Perhaps this dithering is because the current members of the MPC have no experience of raising them. Aside from the reversal of the panic post-referendum cut, UK Bank Rate has now been stuck at 0.5 per cent for more than nine years. What started as a desperate measure to head off a financial crisis has somehow morphed into the new normal.

It’s quite a contrast to the US Federal Reserve. Although the rates of inflation in both countries are similar and they share a target of 2 per cent, the Fed raised rates this week for the seventh time. For good measure, it signalled two more rises this year, with a further three in 2019, which would take its bank rate to the dizzy heights of 3 per cent.

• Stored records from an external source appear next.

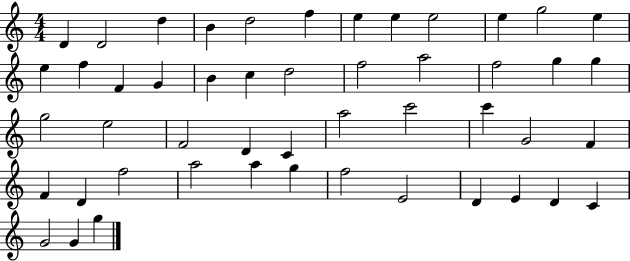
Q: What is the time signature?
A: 4/4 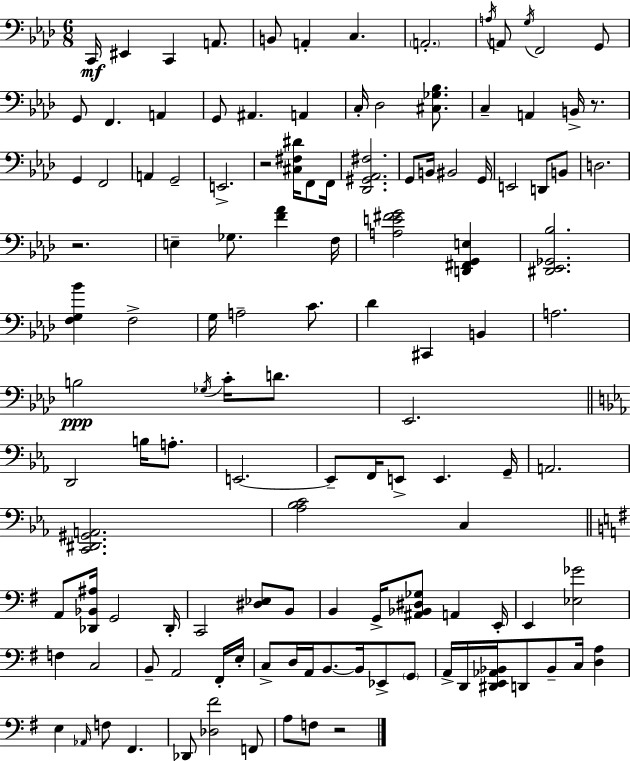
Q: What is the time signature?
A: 6/8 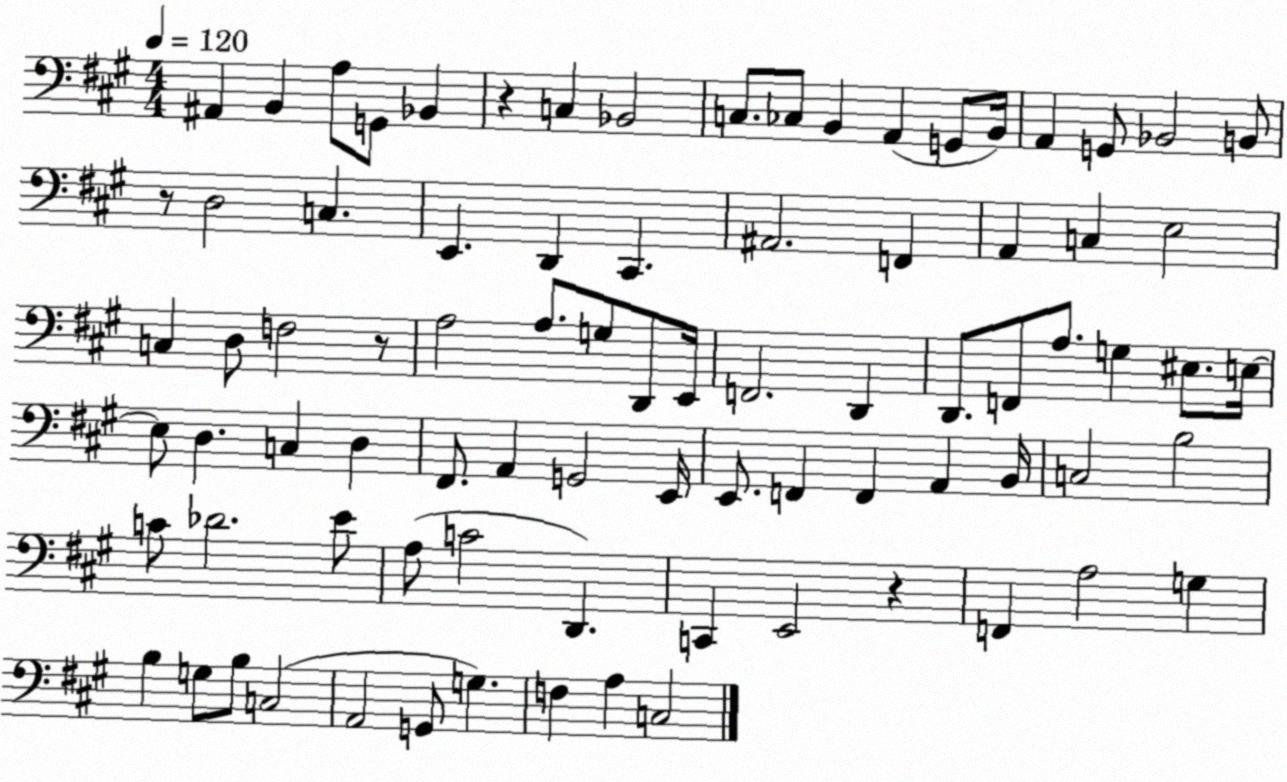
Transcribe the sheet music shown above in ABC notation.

X:1
T:Untitled
M:4/4
L:1/4
K:A
^A,, B,, A,/2 G,,/2 _B,, z C, _B,,2 C,/2 _C,/2 B,, A,, G,,/2 B,,/4 A,, G,,/2 _B,,2 B,,/2 z/2 D,2 C, E,, D,, ^C,, ^A,,2 F,, A,, C, E,2 C, D,/2 F,2 z/2 A,2 A,/2 G,/2 D,,/2 E,,/4 F,,2 D,, D,,/2 F,,/2 A,/2 G, ^E,/2 E,/4 E,/2 D, C, D, ^F,,/2 A,, G,,2 E,,/4 E,,/2 F,, F,, A,, B,,/4 C,2 B,2 C/2 _D2 E/2 A,/2 C2 D,, C,, E,,2 z F,, A,2 G, B, G,/2 B,/2 C,2 A,,2 G,,/2 G, F, A, C,2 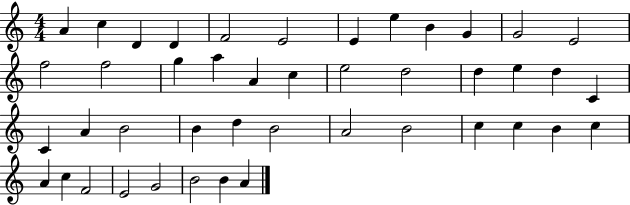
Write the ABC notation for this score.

X:1
T:Untitled
M:4/4
L:1/4
K:C
A c D D F2 E2 E e B G G2 E2 f2 f2 g a A c e2 d2 d e d C C A B2 B d B2 A2 B2 c c B c A c F2 E2 G2 B2 B A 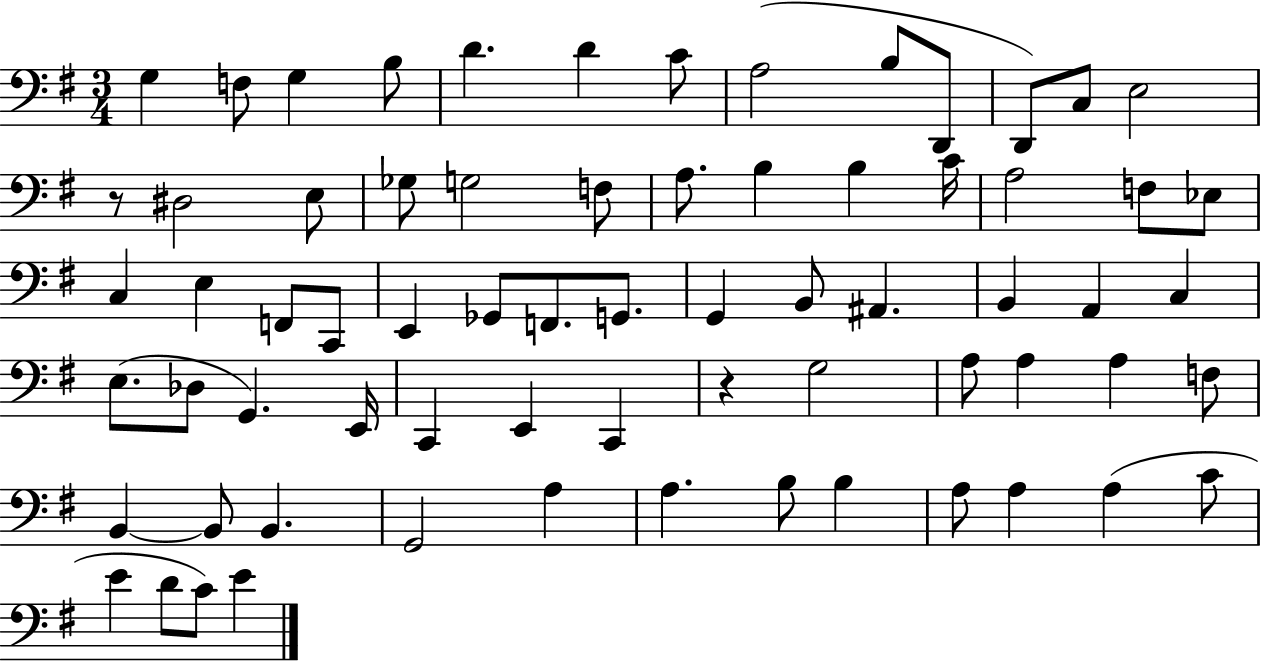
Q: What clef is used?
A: bass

There are no such detailed projections from the Bank of England, which is just as well considering its woeful record on forecasting. Governor Mark Carney’s reputation as the unreliable boyfriend has been well earned. He might consider a comment from Paul Tucker, the pre-crisis front runner for governor, that doing nothing is doing something.

The effect of all this almost doing something is to give the impression that the MPC is pushed about by the previous week’s weather and economic statistics. There is no sign of a strategy for getting Bank Rate to a level which balances the interests of lenders and borrowers, only an assertion that inflation will somehow stay quiescent.

In the old days, a central bank that found itself chasing rising inflation had to raise interest rates much further to overtake it. At the Fed, they are taking pre-emptive action. At the BoE, they still think a rate nearly 2 per cent below inflation is just fine.

High Speed spending

Britain’s white elephant game reserve of wealth-destroying capital projects is filling up nicely. Here are Gordon Brown’s planeless aircraft carriers. There is Hinkley Point nuclear power station. And look, that dear little calf is HS2, the railway line whose justification changes more often than passengers at Crewe.

It is now showing a fine appetite, and consuming cash at an increasing rate. Needless to say, the forecast diet of dosh is proving inadequate for the growing pachyderm, as New Civil Engineer reports. The target for the construction works is £6.6bn, but contractors’ cost submissions are £1.2bn higher. They have been asked to review their sums, but following the collapse of Carillion they know how to respond to requests for cuts in their estimates.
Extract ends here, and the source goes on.